Third party QROPS is the term the offshore pension industry gives to qualifying recognised overseas pension schemes based in one country when the retirement saver lives in another. For instance, many expats have a pension hosted on Guernsey when they live in Spain or one of the Middle East Gulf countries.
The confusion and misinformation in the pensions industry comes from a comment in the latest tax information and impact note (TIIN) concerning QROPS from HMRC.
It says: “This measure will ensure a fairer tax system by making changes to the system of transfers of pension savings from registered pension schemes to QROPS.
“This will ensure that the system continues to be used for its intended purpose of allowing individuals who intend to leave the UK permanently to take their pension savings with them, free of UK tax, to their new country of residence in order to continue saving to provide an income in their retirement.”

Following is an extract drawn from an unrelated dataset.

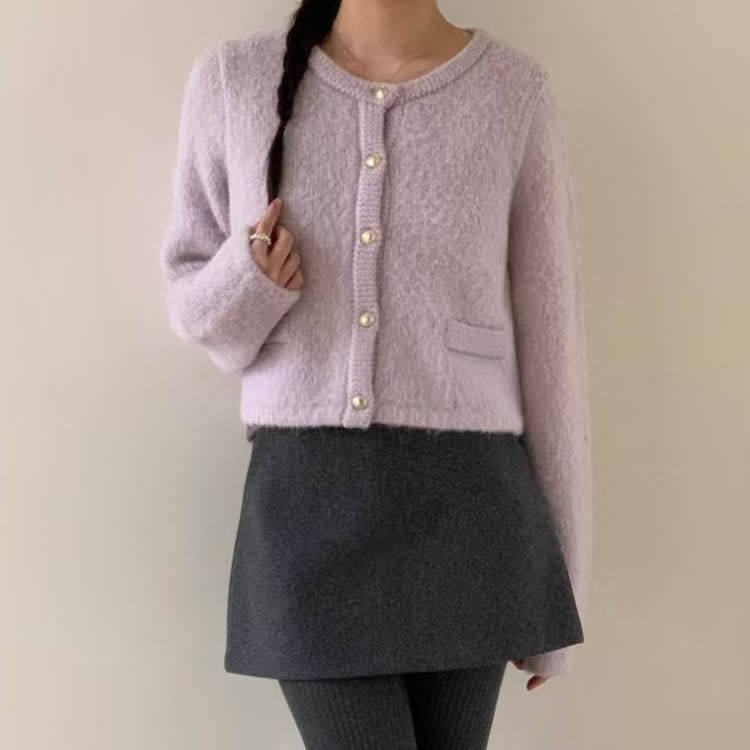 时尚起义温柔A字版短款半裙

Many so-called experts have wrongly suggested this phrase means QROPS investors can only set up a pension in the country where they are resident.
HMRC explains that the current QROPS policy is set out in the TIIN.

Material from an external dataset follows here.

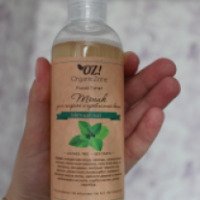 Тоник "Мятный чай" OZ!Organic Zone для жирной и проблемной кожи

“QROPS were not intended to be used as a method of converting existing pension savings into a lump sum or escaping taxation on pension savings,” said an HMRC spokesman.
“An individual can move their UK pension savings to a pension scheme established in another country which is different to the one in which they are resident.”
The answer helps retirement savers looking at transferring their UK pensions to a QROPS.
Malta QROPS are tipped as the main beneficiaries of third party schemes due to strict regulation and tax relationships with other countries as a member of the European Union.